#### [Exercise objective]
If a record contains a picture, leave the picture out and reproduce everything else exactly.

#### [Data section]
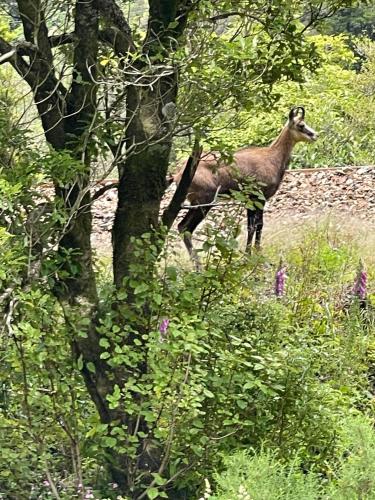 別荘の敷地内または近くにいる動物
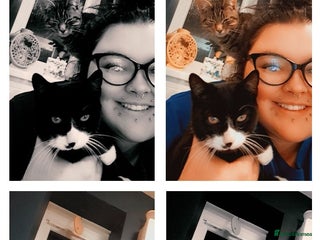 Mixed Breed cats No fault of their own - Advert 1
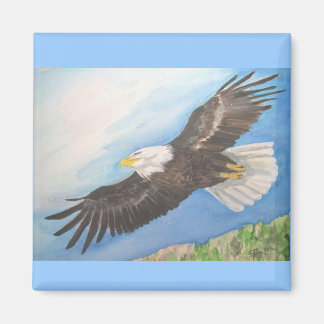 Bald Adler im Flight Magnet
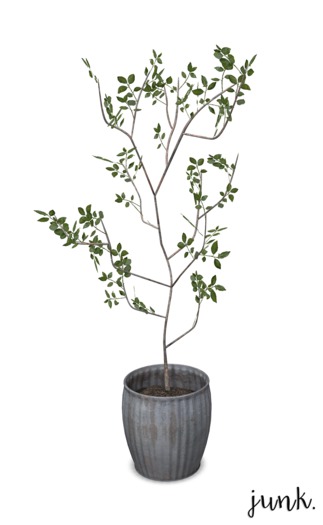 junk. potted tree.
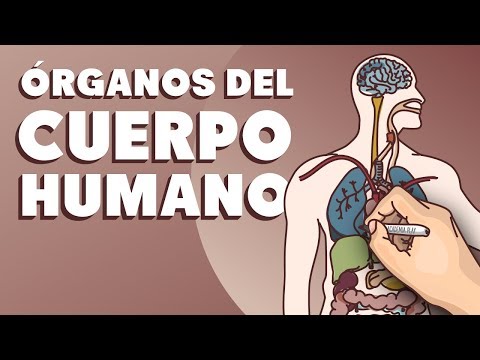 El cuerpo humano y sus organos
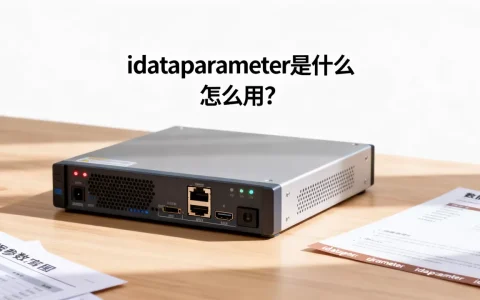 idataparameter是什么，怎么用？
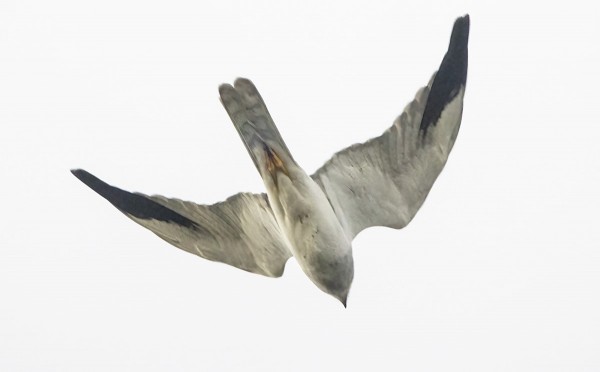 KOIRAS AROSUOHAUKKA PYYHÄLSI PIHAMME YLI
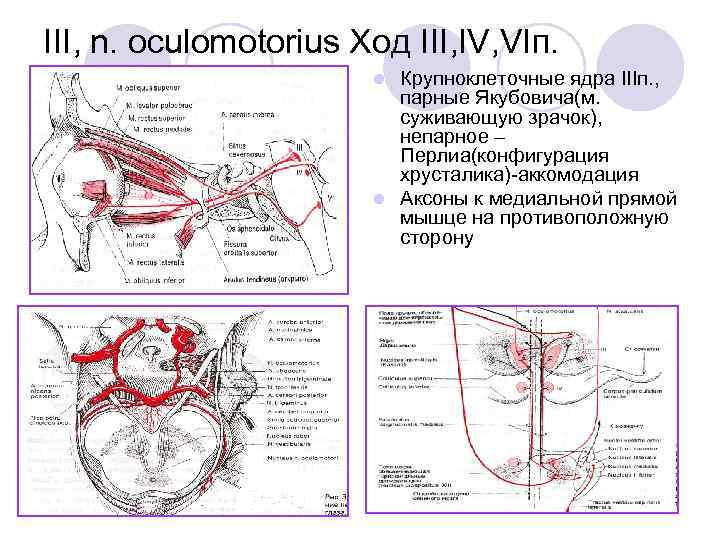 III, n. oculomotorius Ход III, IV, VIп. Крупноклеточные ядра IIIп. , парные Якубовича(м. суживающую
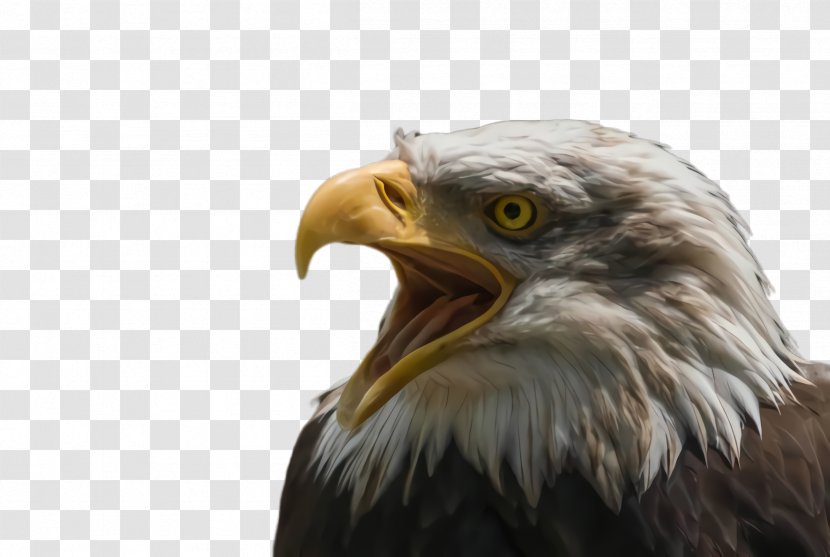 Bird Bald Eagle Of Prey Beak - Kite - Golden Transparent PNG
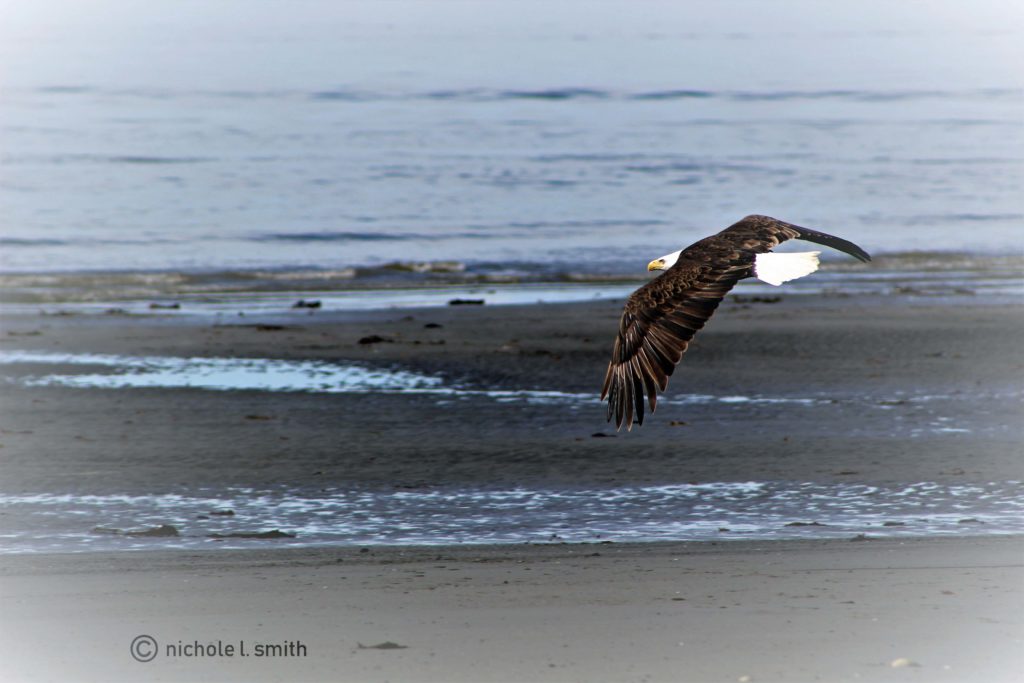 soul work_eagle in flight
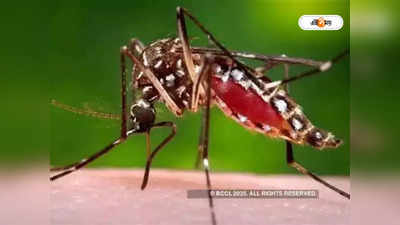 Dengue: ভয়াবহ সেই ডেং ২ সংক্রমণেরই মাথাচাড়া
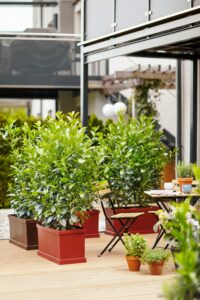 Der neue Trend für Garten und Terrassen sind die mobilen Hecken von bellaflora, die schnell und unkompliziert für Privatsphäre sorgen. Foto: bellaflora 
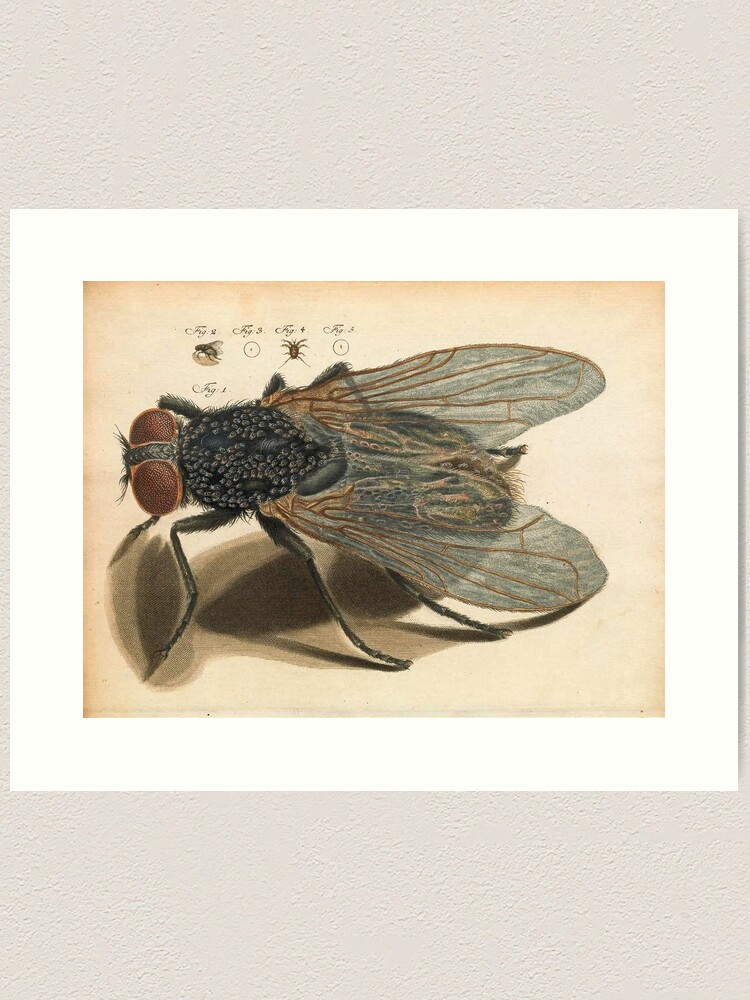 Thumbnail 2 of 3, Art Print, Amusement microscopique: the fly designed and sold by Alex-Strange.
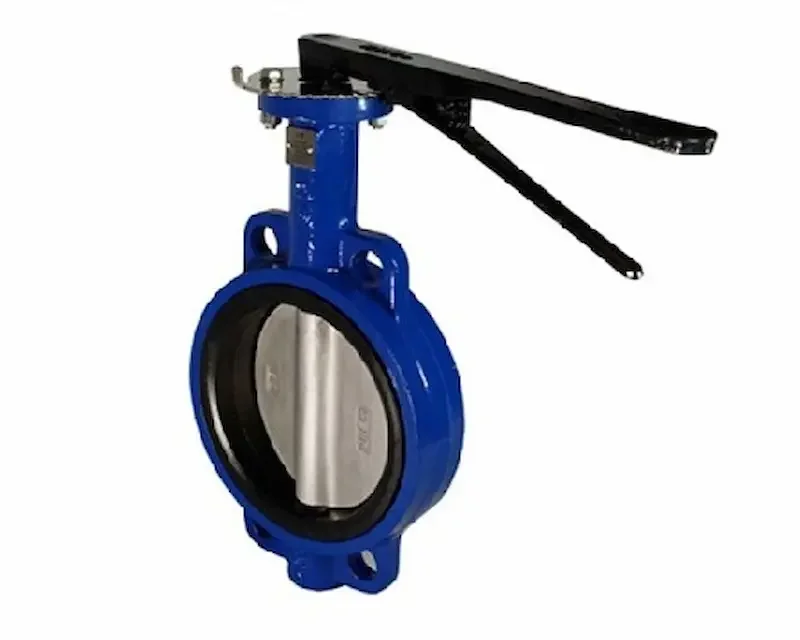 Hình ảnh minh họa (1)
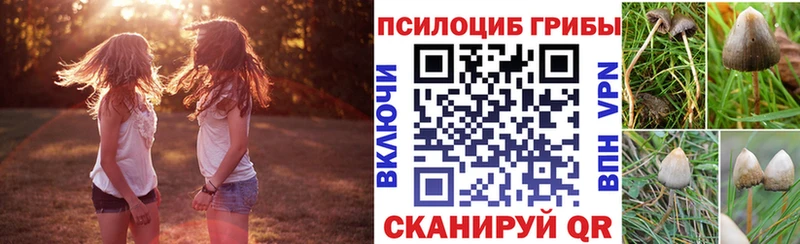 продажа наркотиков  Елец  Галлюциногенные грибы ЛСД 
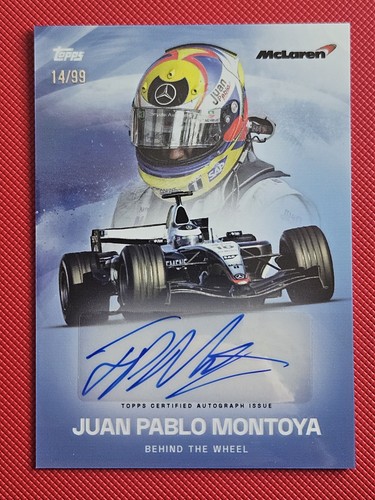 Juan pablo montoya blue - pablo,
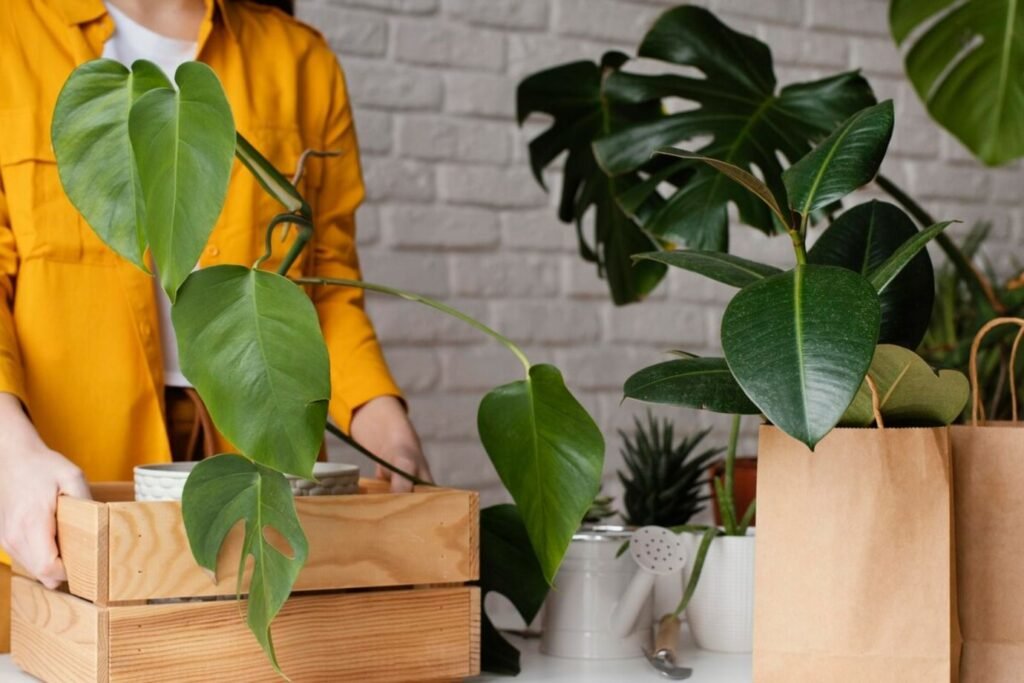 Best Sustainable Products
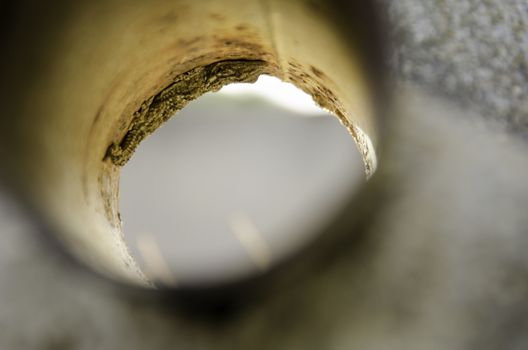 The gecko Tarentola mauritanica in a water tube in Portugal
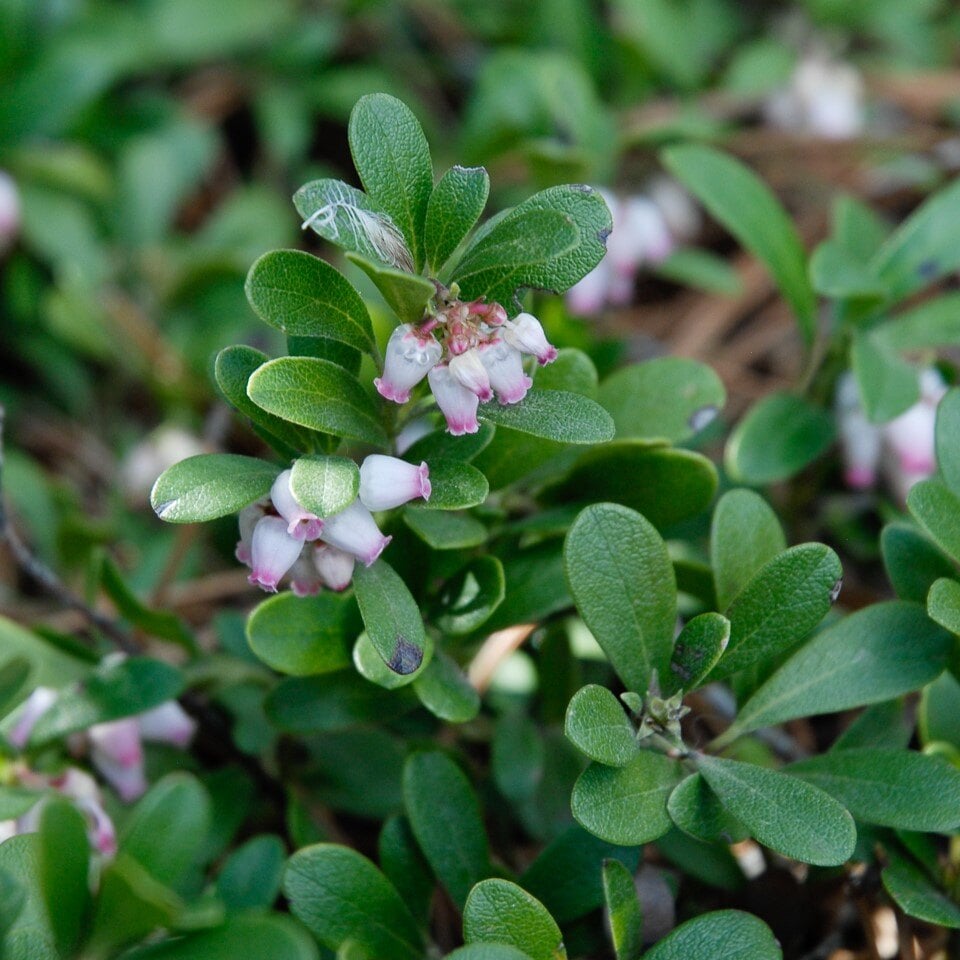 Close-up of a plant with green leaves and small pink-tipped white flowers.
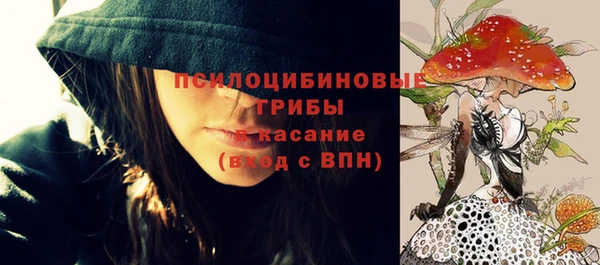 СК Арсеньев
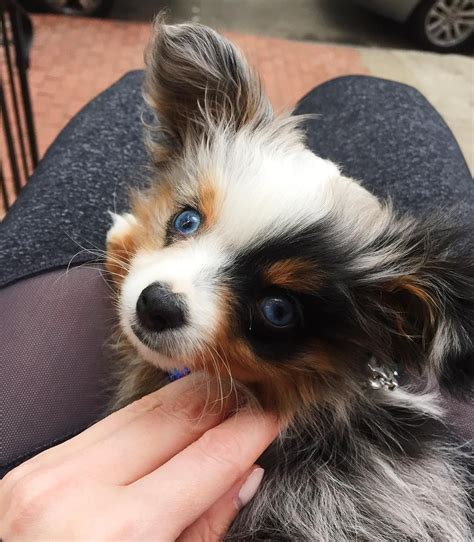 Happy, healthy dogs and happy families are our goal. cute toy australian shepherd puppy - @mishabarkton # ...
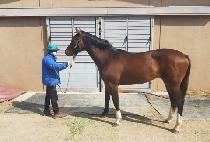 ����Ǯ������ (JOYFUL LIFE) ����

#### [Answer to this problem]
 別荘の敷地内または近くにいる動物
 Mixed Breed cats No fault of their own - Advert 1
 Bald Adler im Flight Magnet
 junk. potted tree.
 El cuerpo humano y sus organos
 idataparameter是什么，怎么用？
 KOIRAS AROSUOHAUKKA PYYHÄLSI PIHAMME YLI
 III, n. oculomotorius Ход III, IV, VIп. Крупноклеточные ядра IIIп. , парные Якубовича(м. суживающую
 Bird Bald Eagle Of Prey Beak - Kite - Golden Transparent PNG
 soul work_eagle in flight
 Dengue: ভয়াবহ সেই ডেং ২ সংক্রমণেরই মাথাচাড়া
 Der neue Trend für Garten und Terrassen sind die mobilen Hecken von bellaflora, die schnell und unkompliziert für Privatsphäre sorgen. Foto: bellaflora 
 Thumbnail 2 of 3, Art Print, Amusement microscopique: the fly designed and sold by Alex-Strange.
 Hình ảnh minh họa (1)
 продажа наркотиков  Елец  Галлюциногенные грибы ЛСД 
 Juan pablo montoya blue - pablo,
 Best Sustainable Products
 The gecko Tarentola mauritanica in a water tube in Portugal
 Close-up of a plant with green leaves and small pink-tipped white flowers.
 СК Арсеньев
 Happy, healthy dogs and happy families are our goal. cute toy australian shepherd puppy - @mishabarkton # ...
 ����Ǯ������ (JOYFUL LIFE) ����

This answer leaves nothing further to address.